**ACTIVITY**
An exact transcription of all the data is required, with every image removed.

Segment Start: SOURCE INFORMATION

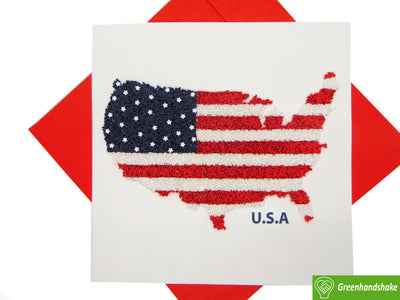 American Flag Shaped Into A Map of USA, Patriotic American, Quilling Card - Unique Dedicated Handmade, Design Greeting Card for all occasion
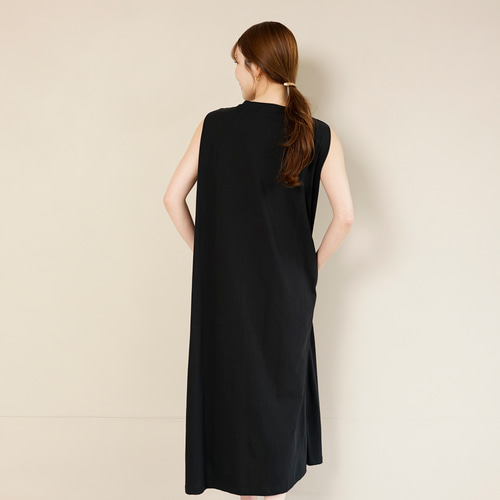 【美品】23区✧ダークグレー 半袖 Aライン コットン素材カットソーワンピース セール】 プロセスドコットン Aラインワンピース （ミニ丈・ひざ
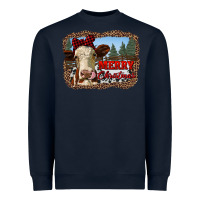 Navy merry christmas heifer cow with farm Heavyweight Sweatshirt - RanaPortraitStore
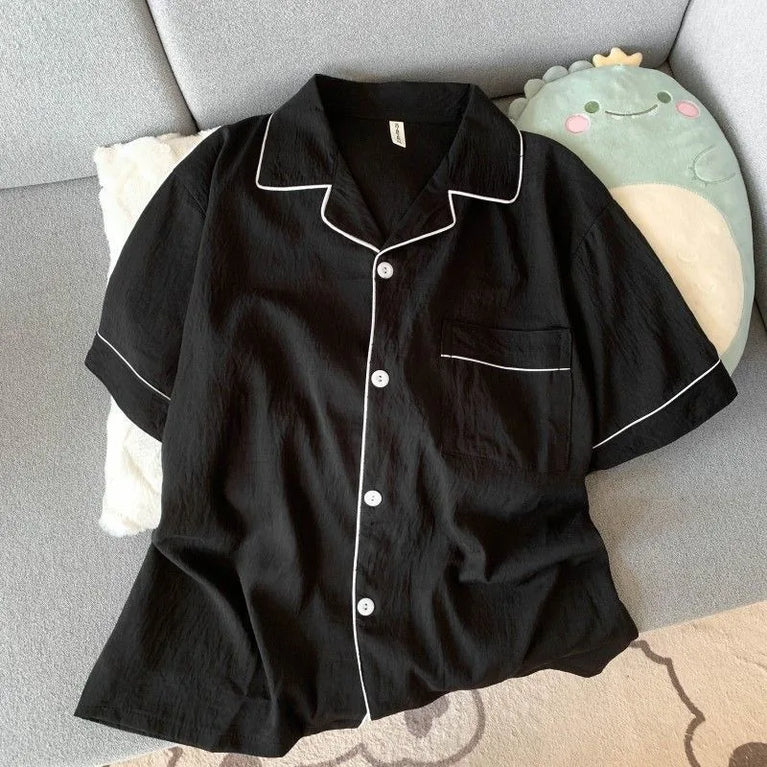 Men's Luxury Solid Pajama Set | Short Sleeve Lapel Home Suit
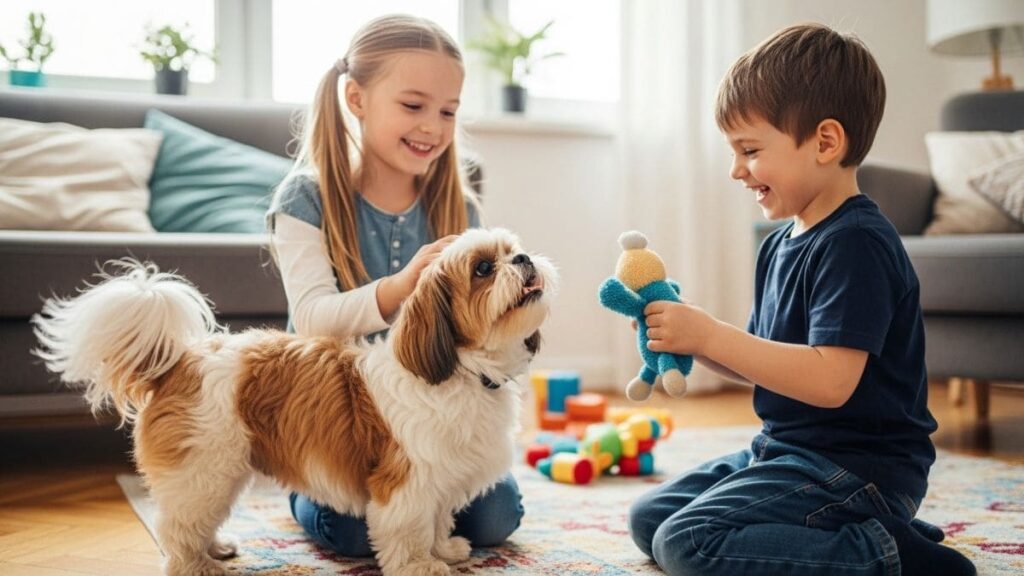 Duas crianças brincando com um Shih Tzu tricolor em uma sala de estar, mostrando a natureza amigável e as curiosidades sobre Shih Tzu.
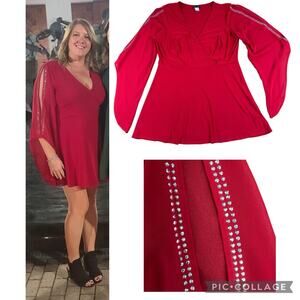 VENUS Short Mini Red Dress 1X Slit Sleeves Crossover Top Cocktail Party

Segment End: SOURCE INFORMATION

**WRITTEN ANSWER**
 American Flag Shaped Into A Map of USA, Patriotic American, Quilling Card - Unique Dedicated Handmade, Design Greeting Card for all occasion
 【美品】23区✧ダークグレー 半袖 Aライン コットン素材カットソーワンピース セール】 プロセスドコットン Aラインワンピース （ミニ丈・ひざ
 Navy merry christmas heifer cow with farm Heavyweight Sweatshirt - RanaPortraitStore
 Men's Luxury Solid Pajama Set | Short Sleeve Lapel Home Suit
 Duas crianças brincando com um Shih Tzu tricolor em uma sala de estar, mostrando a natureza amigável e as curiosidades sobre Shih Tzu.
 VENUS Short Mini Red Dress 1X Slit Sleeves Crossover Top Cocktail Party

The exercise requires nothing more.